Our three core identities (Am I competent? Am I a good person? Am I worthy of love?) are the foundation of our psychological makeup and that it’s normal for us to question them sometimes.

Avoid the All-or-Nothing Syndrom

  • Don’t cling to a purely positive identity. It leaves no room for us to deal with negative feedback. You can be a good person AND act out of frustration and anger.
  • Don’t exaggerate. Not being perfect doesn’t mean that you are worthless. I just means you’re not perfect.
    • Don’t act and think as if another person’s feedback is the ONLY information you have about yourself.

Ground Your Identity

  • Step One: Become aware of your identity issues.
    • Observe if there are patterns to what tends to knock you off balance and ask yourself why.
      • What about your identity feels at risk?
      • What does this mean to you?
      • How would if feel if what you fear were true?
      • What are you afraid of?
      • What’s the downside?
    • Step Two: Complexify your identity. Adopt the AND stance.
      • Move away from the false choice between “I am perfect” and “I am worthless.”
        • You can be loyal AND leave a job for higher paying work.
        • You can be a good listener AND tell someone you need to talk with them later.
        • You can be there for your children AND let someone else take them to the big game.
        • Recognize that life is to complex for all-or-nothing thinking. Showing that you know this helps others realize that they know it as well.
      • Accept these three things about yourself:
        • You will make mistakes.
          • People are seen as MORE competent when others know that they can see their mistakes and learn from them.
        • Your intentions are complex.
          • It’s normal to have wants, desires, reactions, etc. that are honorable as well as imperfect.
        • You have contributed to the problem.
          • Often the most difficult to do, exploring our contribution can be the most transformational.

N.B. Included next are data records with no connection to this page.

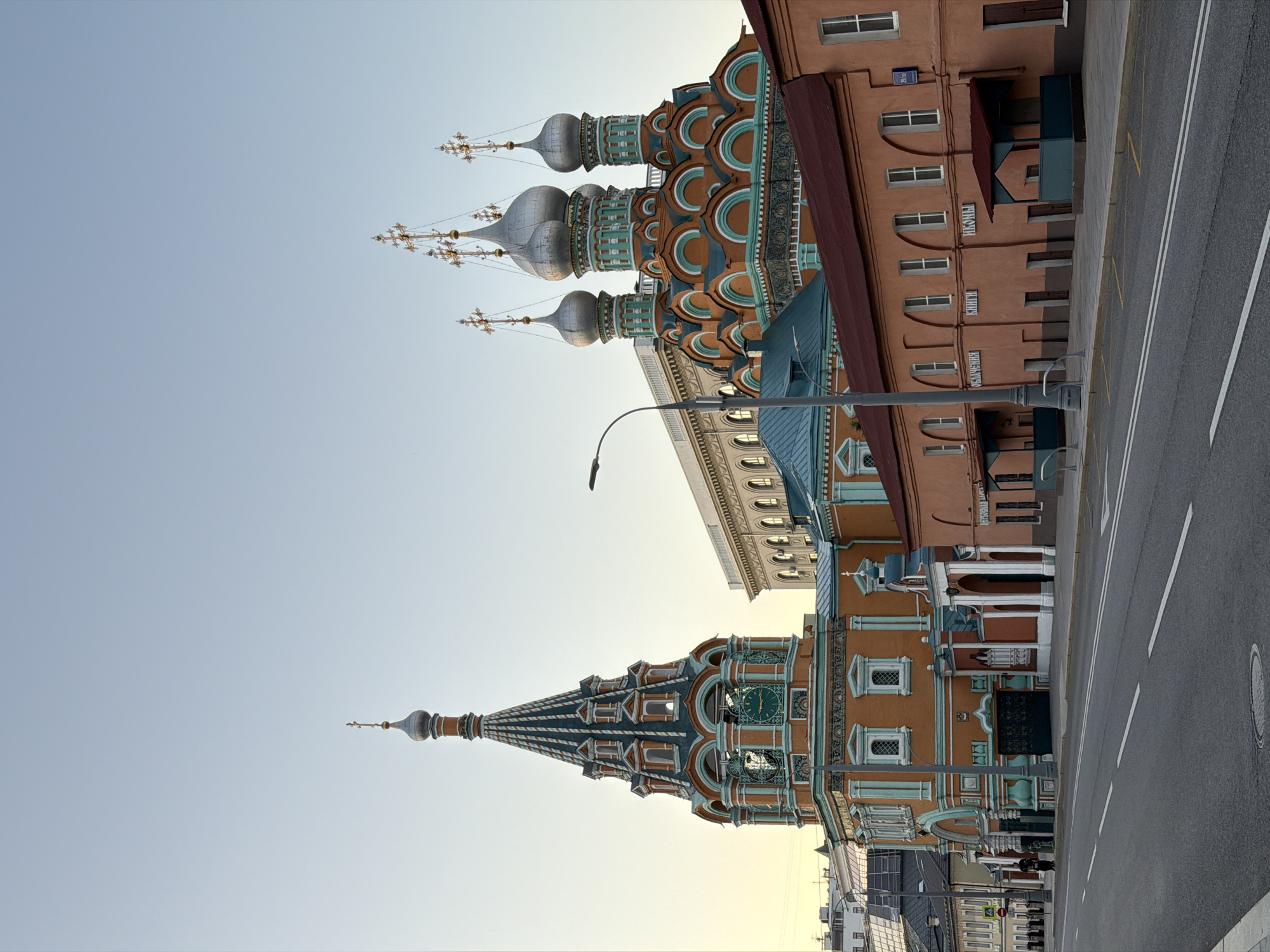 The image depicts the Church of the Holy Trinity in Nikitniki, Moscow, Russia, captured from across a street. The church's distinctive orange facade is adorned with turquoise detailing and features multiple onion domes topped with crosses. To the left, a tall, slender bell tower with a conical roof and similar decorative elements stands prominently. In front of the church, a low, rust-colored building with arched windows and a red roof runs along the street. The street itself is asphalt with white lane markings. A single streetlight stands on the sidewalk. The sky is a clear, pale blue, suggesting it is either early morning or late evening. No people are clearly visible in the immediate foreground or interacting with the buildings. The scene is static and architectural, emphasizing the historical religious structures.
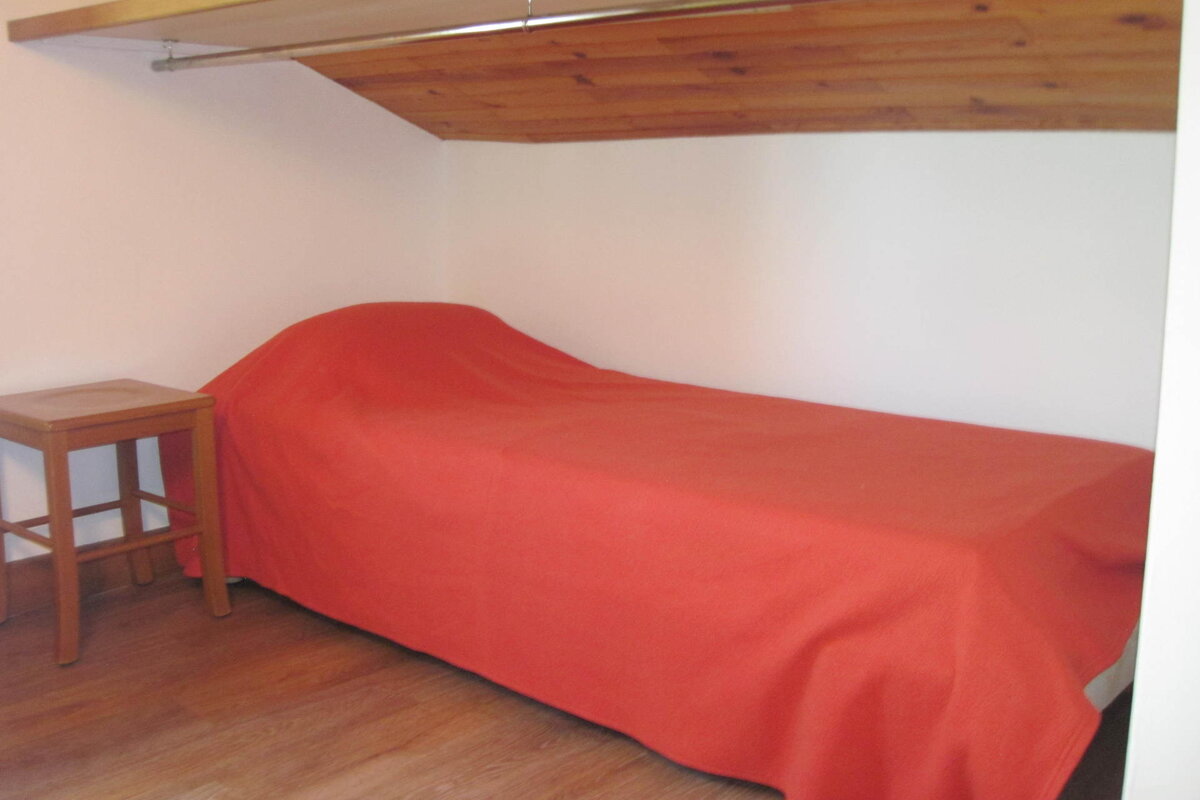 A small bedroom with a single bed and a wooden stool
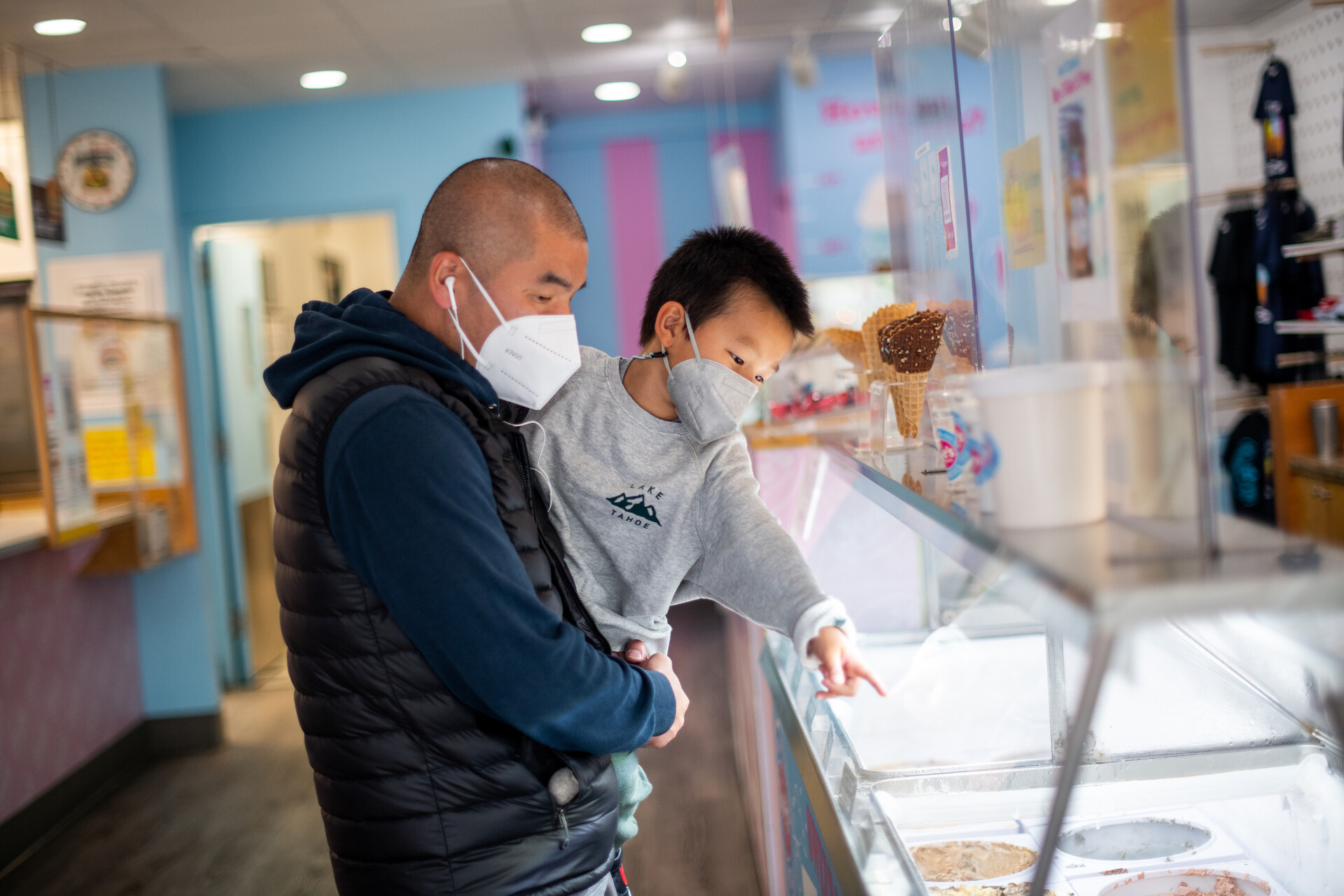 a man holds a little boy as they pick out an ice cream flavor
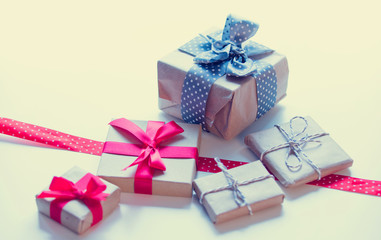 red dotted ribbon and beautiful gifts on the wonderful white background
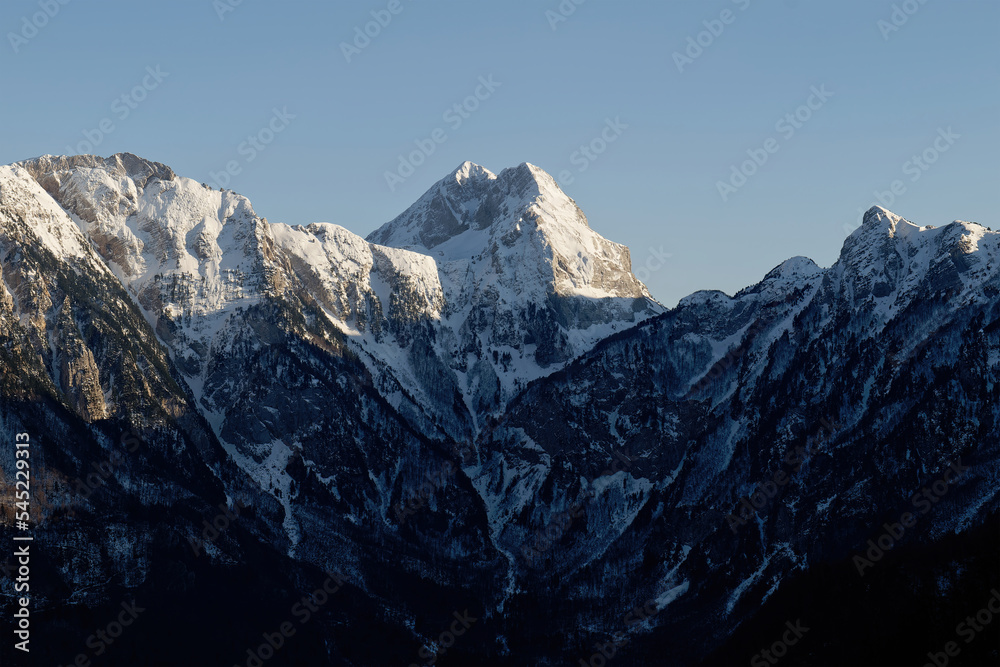 Amazing view of a mountain peak during sunset. Summit of difficult access for climbers. Alpinism and climbers. Blue sky and vibrant colors. Cinematic shot. More adventure in life. Prenj Mountain.
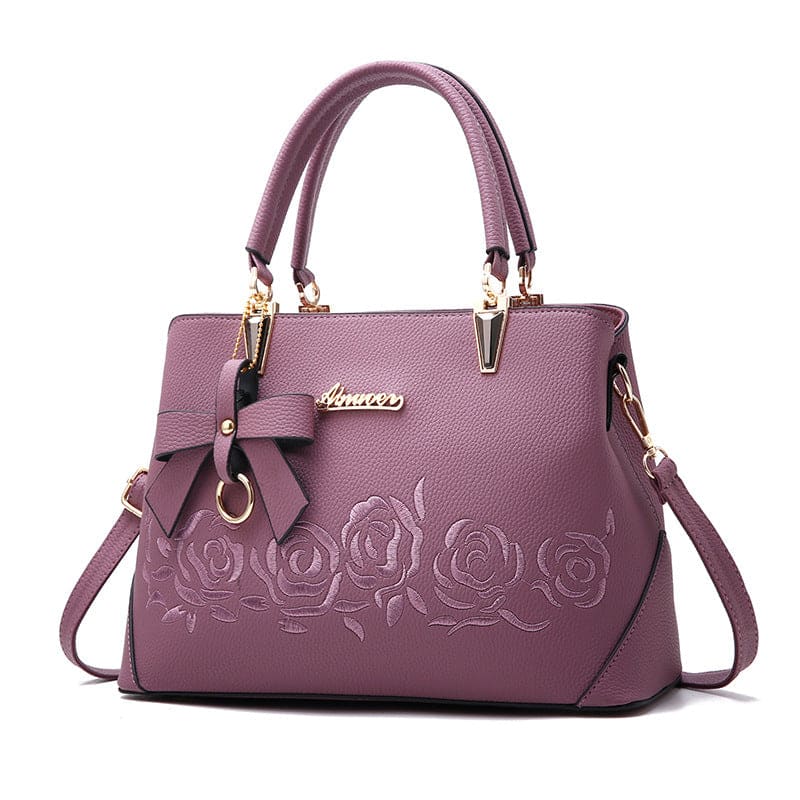 Purple leather handbag with embossed rose design and bow accent.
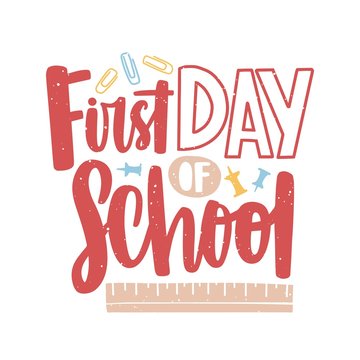 First Day of School lettering written with calligraphic font and decorated by paper clips, push pins and ruler scattered around. Decorative text isolated on white background. Vector illustration.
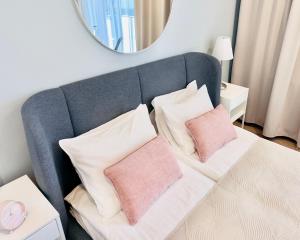a couch with two pillows on it with a mirror at Old Town Walowa in Gdańsk +80 photos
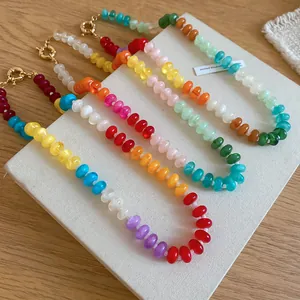 Colorful acrylic beaded necklaces in rainbow patterns with gold clasps on display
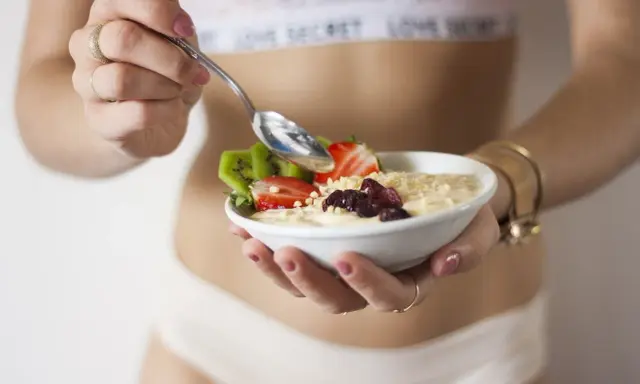 Mujer disfrutando un tazón de avena con fresas, kiwi y frutos secos. Un desayuno ideal para una dieta deficit calorico.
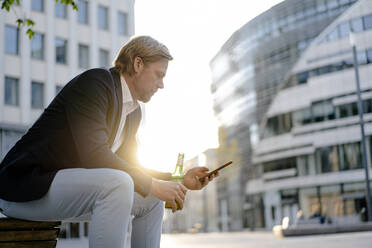 Geschäftsmann sitzt auf einer Bank in der Stadt bei Sonnenuntergang mit einer Flasche Bier und Smartphone - JOSEF00918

During the Conversation: Learn to Regain Your Balance

  • Let go of trying to control their reaction. Adopt the AND
  • Prepare for their response.
    • Instead of focusing on how badly it will go, focus on what you can learn about how the other person might respond. Are they likely to cry? Sulk and withdraw? Pretend everything is fine? Attack or reject you?
    • Consider if their response implicates identity issues for you.
    • If so, work through it in advance.
      • Is it okay for me to make someone cry?
      • How will I respond?
    • Imagine that it’s three months or ten years from now.
      • Someday it will feel better.
      • What advice might the you of the future give the you of today about how to handle what you’re going through?
    • Take a break. Maintaining the charade of participation when the you’re too close or the quake is too debilitating is unlikely to be helpful to anyone.
      • Ask for some time.
      • Take a walk.
      • Get some air.
      • Check for distortions.
      • Spend some time weighing their attack against other information you have about yourself or the situation.
      • Check for denial. In what ways is what they are saying true?
      • Check for exaggerations. What is the worst that could happen here?
      • What might you do right now to turn the conversation around?

Their Identity is Also Implicated

  • When we are wrapped in our own Identity Conversation, it can be difficult to remember that the other person may be grappling with identity issues of their own.

Raising Identity Issue Explicitly

  • Sometimes your identity issue is useful for you to be aware of, but talking about it explicitly will not be useful to or safe in the conversation. Identify it in your own mind and recognize that it’s something to work on.
  • Other times making the IdentityConversation explicit can help you get directly to the heart of what’s going on. It’s astounding how often difficult conversations are wrapped up in both people reacting to what the conversation seems to be saying about them.

Find the Courage to Ask for Help

  • Sometimes life deals us a blow that we can’t cope with well on our own. It may be rape, war, physical or mental illness, addiction, profound loss, or simply something that would not disturb most other people but does disturb you. Identity issues aren’t easy. Talking to a friend, family member, colleague, or a professional can be helpful.